Builders tend to prefer temporary buydowns. “It’s an incentive to the buyer to help them out with their cash needs and then also gives them the benefit of a little bit of a lower interest rate over the years,” said Mary Catchur, founder of a Tampa-based mortgage lender and brokerage.
Catchur said that oftentimes a seller or builder will pay a certain amount toward the buyer’s closing costs, which they can then apply to buying down the interest rate on the mortgage themselves. You’ll pay “discount points” to your lender in exchange for decreased interest rates. However, in a builder or seller buydown, you are looking for them to pay into the loan.
|The pros and cons of a temporary buydown|
|New construction comes with expenses many existing homes don’t, such as new appliances — money saved during the introductory period can be put toward furnishings.||You may be unprepared for a larger monthly mortgage payment once the initial period ends.|
|Buy more house — a lower mortgage payment may mean you could afford a larger house than you could otherwise afford.||Plans for a higher income or to sell the home once that period ends may not come to pass.|
Whether you receive a permanent or temporary buydown, this type of loan can provide much-needed financial flexibility. A temporary buydown softens the blow of paying high installments on a brand-new house and eases you into full payments. The money you save each month during that initial period could be used for new furniture, appliances and other necessities that come up as you settle into the home, Pierce said.
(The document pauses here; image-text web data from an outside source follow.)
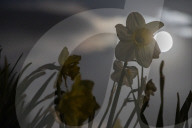 Full Moon Of April 2025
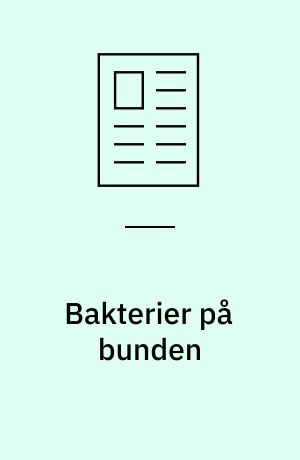 Bakterier på bunden
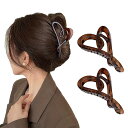 ヘアクリップ 大きめ しっかりとまる 2個セット 髪留め クリップ バンスクリップ ヘアくりっぷ ヘアアクセサリー 大人 韓国 可愛い 軽量 日常 シンプル小物...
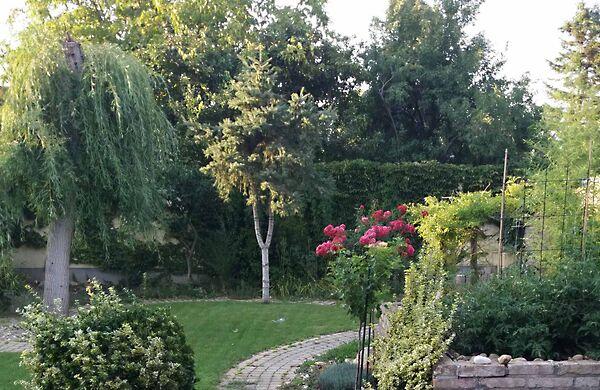 Móricz Zsigmond, Székesfehérvár képe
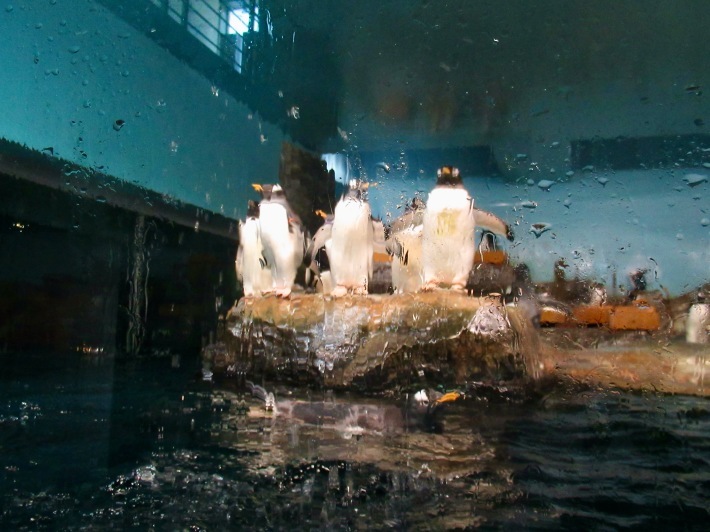 かわいいシロクマ親子と憩うひととき。──「男鹿水族館GAO・後編」（秋の東北満喫の旅 その4）_d0352022_16312853.jpeg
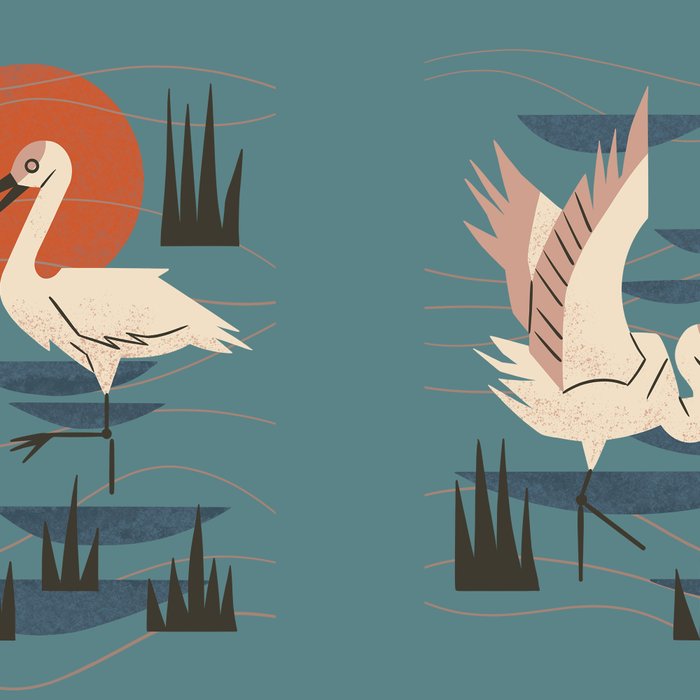 Cranes Wading At Sunset Coffee Mug Gallery Image 2
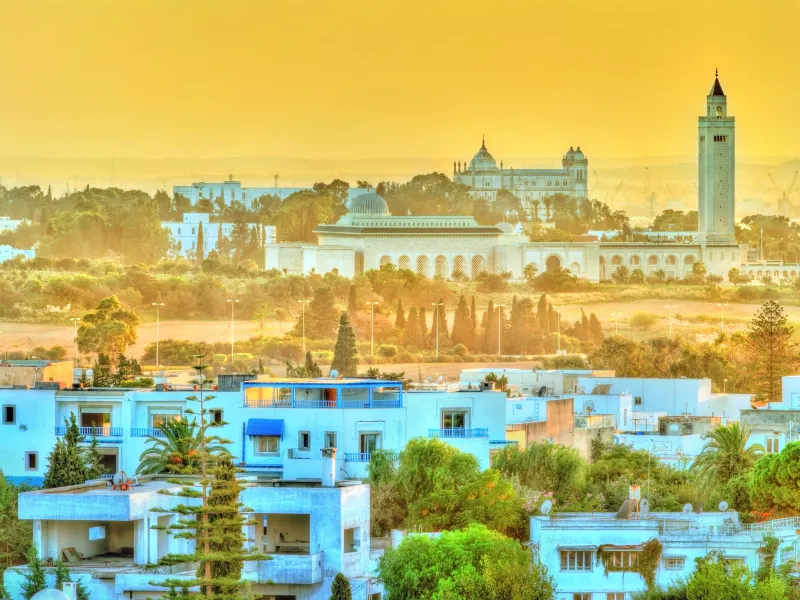 Medina de Tunis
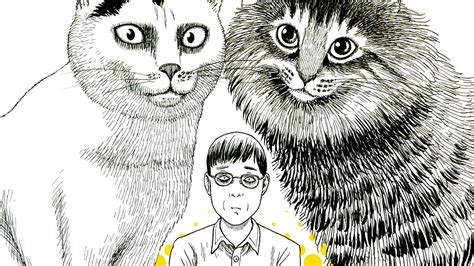 Jbc Anuncia Publicação De Junji Itos Cat Diary Yon And Mu O Megascópio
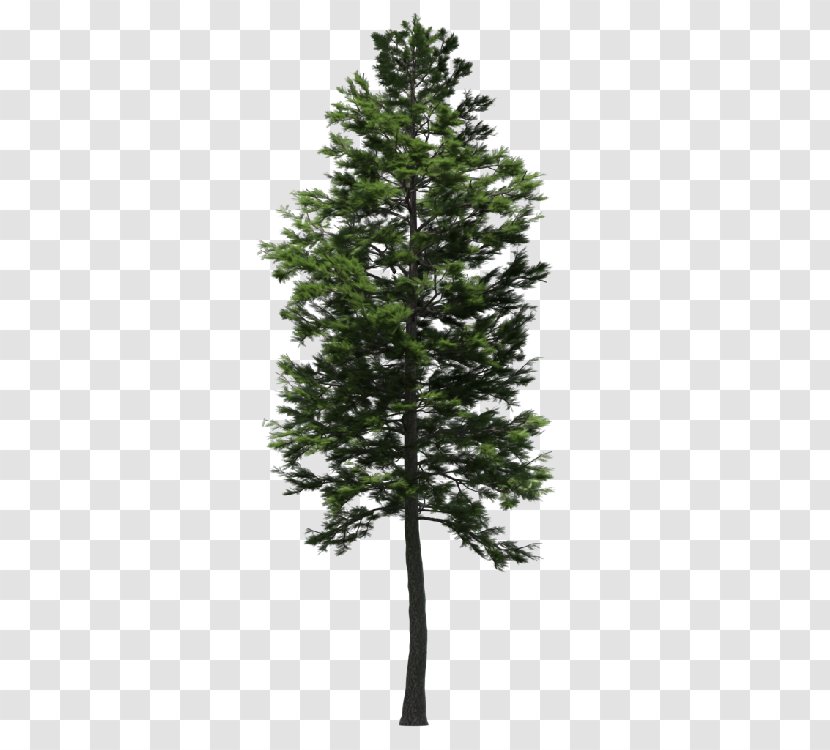 Spruce Fir Larch Scots Pine Tree - Shrub - Landscape Garden Transparent PNG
Of course, temporary buydowns mean inevitably higher interest rates. However, borrowers who expect their salaries to increase by the time that happens may want to take advantage of the lower initial payments.
But Pierce cautioned that most borrowers don’t have the luxury of guaranteed salary raises. Lower initial payments may make a house seem affordable at first, but you’ll be responsible for the larger payments whether you get a promotion or not. The same is true if you plan to sell the house before the introductory period ends — unless you’re able to sell on your timeline (by no means a sure thing), you could find yourself with payments that are extremely difficult for you to manage.
“A year, two years, three years is not a very long period of time,” Pierce said. “I think [borrowers] need to be able to look at that lower payment as a perk, but they need to realize what their end payment is going to be. If they cannot budget and feel comfortable with that payment at the end of the buydown period, they’re probably delaying the inevitable — financial stress, being house poor, all of those things you hear about.”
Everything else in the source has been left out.